According to the American news website Axios, this model performed remarkably well in several early tests. Some of its capabilities can even compete with top American models. Moreover, the model may be available at a fraction of the cost of top American models, which has shocked developers.

Chinese AI Company Kimi K3 Outperforms US Models

Kimi K3 Brand Visual Image

The initial performance of Kimi K3 has caused astonishment across the AI industry, and it has also alerted Silicon Valley and Washington. Reports suggest that China is rapidly eroding the US's leading position in advanced artificial intelligence fields.

In blind tests conducted on the AI model evaluation platform Arena, developers showed a preference for Kimi K3 over several mainstream American models, including Anthropic's Fable 5 and OpenAI's GPT-5.6 Sol.

In the text comprehension ranking covered by Arena, Kimi K3 also surpassed the Anthropic Opus 4.8 Standard Edition, and was tied with GPT-5.6 Sol. Axios noted that just a few weeks ago, Opus 4.8 was still considered one of the leading AI models.

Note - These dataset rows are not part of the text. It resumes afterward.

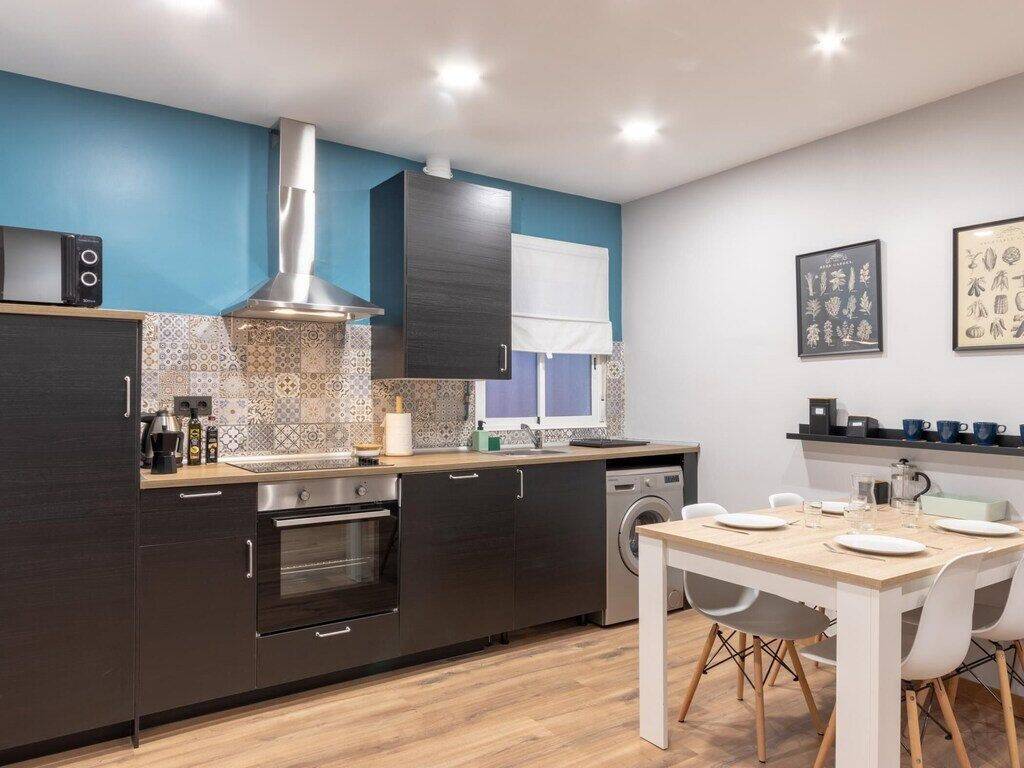 Appartement 2 pièces 80 m² · à Paris 8ème Arrondissement · 80 m² · 900 €/mois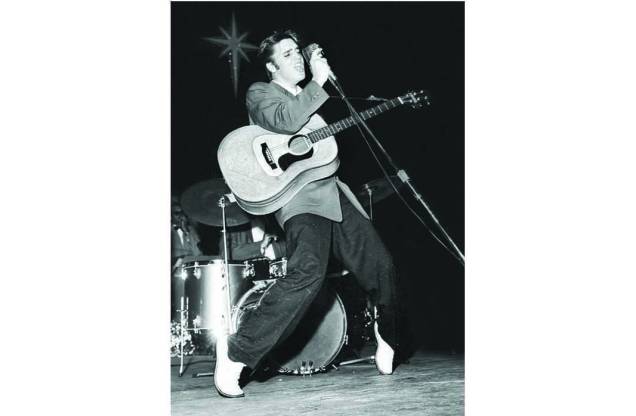 Elvis Presley, durante o show "Live in Miami at the Olympia", Flórida, EUA, em 1956. Elvis Presley, durante o show "Live in Miami at the Olympia", Flórida, EUA, em 1956.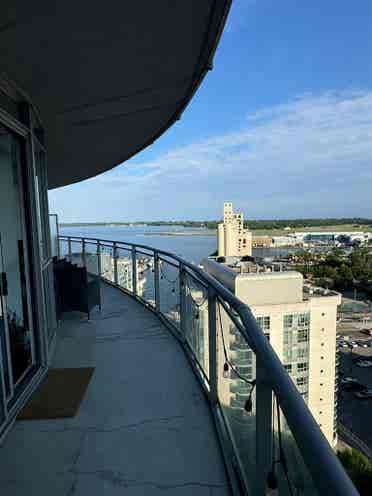 1 ROOM W BATHROOM ON HARBOURFRONT
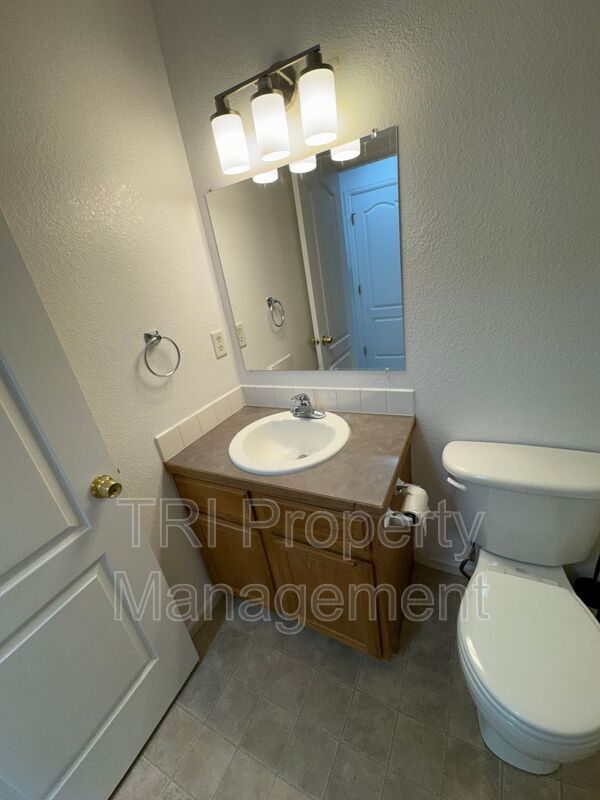 Building Photo - 2027 Birch Ave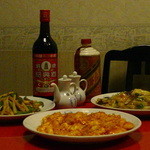 龍の子 - 料理写真:左からチンジャオロース、エビチリ、五目焼きそば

Axios noted that the cost per million word tokens for Kimi K3 is approximately $12. This price does not follow the "extremely low" pricing strategy of Chinese models; it is more similar to Anthropic's mid-range products. Axios believes that the price set for Kimi K3, which reflects the darker side of the market, is lower than several high-end American models that are being challenged by Chinese companies. This raises doubts once again: how long can American AI companies continue to sell related services at high prices, especially when Chinese companies are continuously offering cutting-edge models at lower costs?

"Right now, it's an issue between the United States and China."

Kriocorian said that American artificial intelligence companies are "clearly concerned". In his view, if these companies do not see open-weight models as a serious competitive threat, then their CEOs have little reason to lobby Washington against such models. Currently, this field is mainly led by Chinese companies.

Axios concluded that as Chinese AI laboratories compete to provide cutting-edge artificial intelligence at lower costs and in a more widely available manner, the U.S.'s lead in advanced AI is shrinking month by month.